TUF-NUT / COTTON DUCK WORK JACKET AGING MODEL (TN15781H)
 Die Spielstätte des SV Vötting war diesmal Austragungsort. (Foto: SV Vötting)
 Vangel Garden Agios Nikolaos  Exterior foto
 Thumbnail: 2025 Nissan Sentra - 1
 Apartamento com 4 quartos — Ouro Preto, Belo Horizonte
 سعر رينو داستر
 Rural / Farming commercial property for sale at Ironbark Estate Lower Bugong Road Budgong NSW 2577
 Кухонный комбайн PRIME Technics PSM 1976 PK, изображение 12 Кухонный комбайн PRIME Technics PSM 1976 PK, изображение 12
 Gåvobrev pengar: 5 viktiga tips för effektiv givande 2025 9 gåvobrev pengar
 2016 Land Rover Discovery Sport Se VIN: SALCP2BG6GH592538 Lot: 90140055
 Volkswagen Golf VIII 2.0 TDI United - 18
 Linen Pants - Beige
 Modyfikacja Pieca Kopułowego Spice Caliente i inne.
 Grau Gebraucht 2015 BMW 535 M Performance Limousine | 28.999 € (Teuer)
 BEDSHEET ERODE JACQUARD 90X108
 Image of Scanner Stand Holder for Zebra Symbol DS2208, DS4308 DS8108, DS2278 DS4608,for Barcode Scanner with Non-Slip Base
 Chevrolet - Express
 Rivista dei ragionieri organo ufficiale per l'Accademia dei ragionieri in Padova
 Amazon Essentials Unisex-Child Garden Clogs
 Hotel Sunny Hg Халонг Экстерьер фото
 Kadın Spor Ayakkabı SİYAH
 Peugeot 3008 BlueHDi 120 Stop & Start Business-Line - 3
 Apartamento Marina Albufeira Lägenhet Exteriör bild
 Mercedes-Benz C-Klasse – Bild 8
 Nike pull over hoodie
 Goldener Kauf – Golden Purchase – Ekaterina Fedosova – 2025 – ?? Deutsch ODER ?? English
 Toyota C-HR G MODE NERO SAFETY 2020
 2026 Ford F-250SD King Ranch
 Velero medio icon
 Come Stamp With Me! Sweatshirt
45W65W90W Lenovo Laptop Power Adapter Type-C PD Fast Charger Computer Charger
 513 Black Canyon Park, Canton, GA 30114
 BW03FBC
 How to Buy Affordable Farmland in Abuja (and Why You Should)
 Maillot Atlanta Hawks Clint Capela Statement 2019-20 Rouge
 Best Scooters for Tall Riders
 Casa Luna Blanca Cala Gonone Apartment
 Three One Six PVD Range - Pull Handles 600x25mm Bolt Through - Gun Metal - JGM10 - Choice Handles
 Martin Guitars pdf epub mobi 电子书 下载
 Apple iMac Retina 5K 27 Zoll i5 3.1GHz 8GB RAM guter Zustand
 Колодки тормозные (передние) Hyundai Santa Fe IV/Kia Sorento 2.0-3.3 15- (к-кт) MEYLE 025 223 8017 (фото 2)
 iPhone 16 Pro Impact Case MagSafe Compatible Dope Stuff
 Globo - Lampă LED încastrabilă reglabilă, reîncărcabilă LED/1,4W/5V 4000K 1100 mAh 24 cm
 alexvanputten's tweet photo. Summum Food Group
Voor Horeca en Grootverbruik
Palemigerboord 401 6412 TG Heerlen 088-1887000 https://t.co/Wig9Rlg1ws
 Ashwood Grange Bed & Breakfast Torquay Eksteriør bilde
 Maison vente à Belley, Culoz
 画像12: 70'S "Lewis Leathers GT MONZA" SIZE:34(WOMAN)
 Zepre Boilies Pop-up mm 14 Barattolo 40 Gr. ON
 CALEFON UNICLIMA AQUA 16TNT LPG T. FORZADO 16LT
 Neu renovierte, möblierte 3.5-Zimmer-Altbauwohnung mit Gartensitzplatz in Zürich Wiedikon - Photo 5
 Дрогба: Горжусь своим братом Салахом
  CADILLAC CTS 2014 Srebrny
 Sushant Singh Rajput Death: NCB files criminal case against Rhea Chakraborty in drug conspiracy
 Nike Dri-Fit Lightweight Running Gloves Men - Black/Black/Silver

※ ※ ※

Where a line of the records has the string "Black", copy that line.

Response to the exercise
 513 Black Canyon Park, Canton, GA 30114
 Nike Dri-Fit Lightweight Running Gloves Men - Black/Black/Silver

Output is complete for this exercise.